A galaxy is a system made up of stars, planets, interstellar dust, black holes, and dark matter. This system is held together by the gravity of its elements.
A famous astronomer named Edwin Hubble, who was a tireless explorer of the sky, discovered the nature of galaxies a century ago and he began to classify them, according to their shape. Later, there were more astronomers who, inspired by his work, undertook the task of perfecting his arrangement. This is how the well-known “Hubble Diagram” [Image 1] has remained the basic and most practical galaxy classification system to use.
In the diagram we have, mainly, three types of galaxies: Elliptical, Lenticular and Spiral.

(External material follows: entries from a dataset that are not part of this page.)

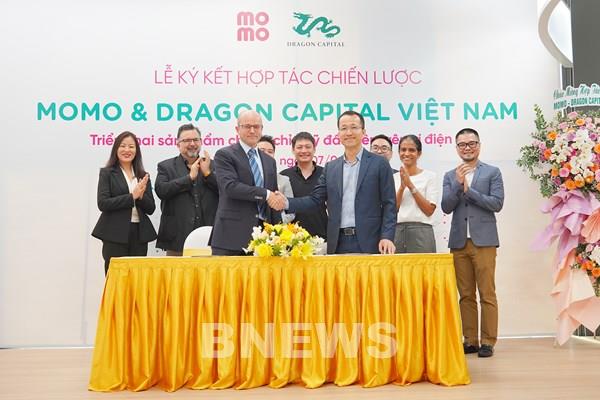 Lần đầu tiên, sản phẩm chứng chỉ quỹ mở được giao dịch ngay trên ví điện tử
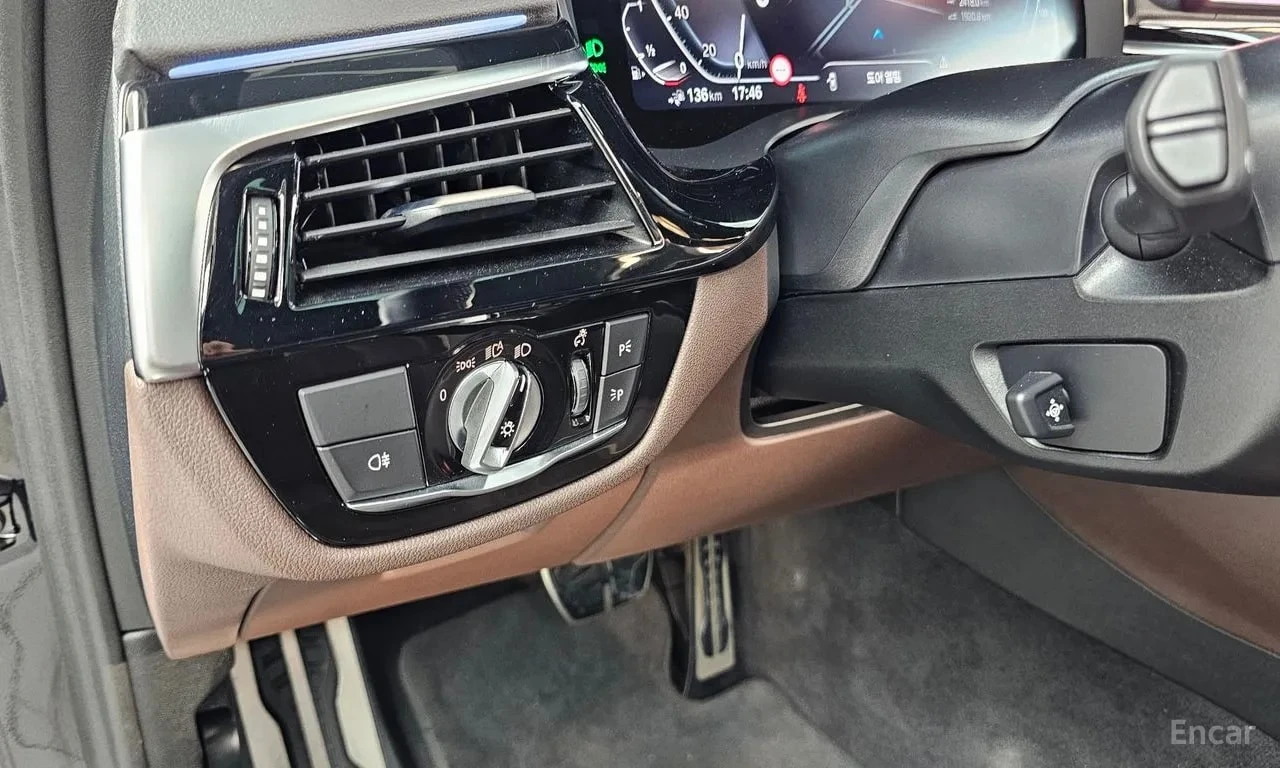 BMW 530E * M Sport* АВТОКРЕДИТ БЕЗ ПЪРВОНАЧАЛНА ВНОСКА* , снимка 17 - Автомобили и джипове - 56073514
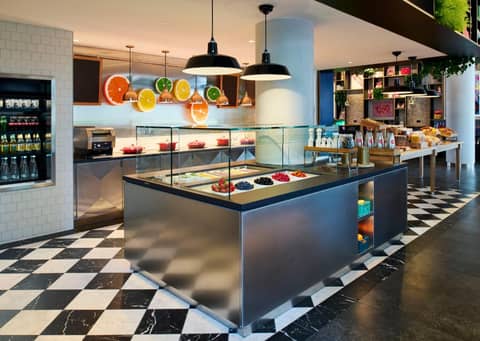 citizenM Boston Back Bay — photo 9
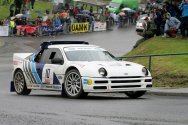 Rallye Český Krumlov: Ford RS200 na návsi v Malontech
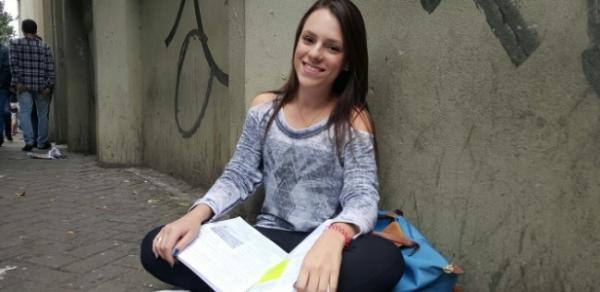 Bianca Ribeiro, 19, não desgrudou dos livros antes do Enem em São Paulo. Ela quer prestar medicina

But why is it so important to classify galaxies? Classification is a widely used practice in science, since it helps us identify the common characteristics that various elements have, such as their composition, shape, size, etc., this greatly facilitates their analysis. An example we have seen, since we were little, is the classification of animals. One way to group animals is into amphibians, fishes, mammals, reptiles, birds, etc. This classification helps us to identify and study their characteristics by groups. The same goes for galaxies! It is necessary to know their general characteristics in different groups, because there are so many, imagine if you wanted to study each one in detail!
Knowing the morphology, that is, the classification according to the shape and evolution of galaxies, it is important to study their properties. For this, a very important observation technique in astronomy is spectroscopy, which is based on analyzing how each object interacts with light, that is, if it absorbs, reflects, emits, or refracts the light. An easy way to see it is thinking of the spectra as fingerprints; each person is born with a different fingerprint and this makes us stand out from the rest of the people, the same happens with every object that emits light. Each of these objects is associated with a unique spectrum, which can provide us with a large amount of information, such as the movement, age, or chemical composition of the galaxies.
In conventional spectroscopy, a spectrum of the observed object is obtained along a slice (using a slit) or a spot (using a single fiber). However, when we are looking to study extended objects such as galaxies, it is necessary to expand the field of view of the spectrum, this can be achieved with integral field spectroscopy.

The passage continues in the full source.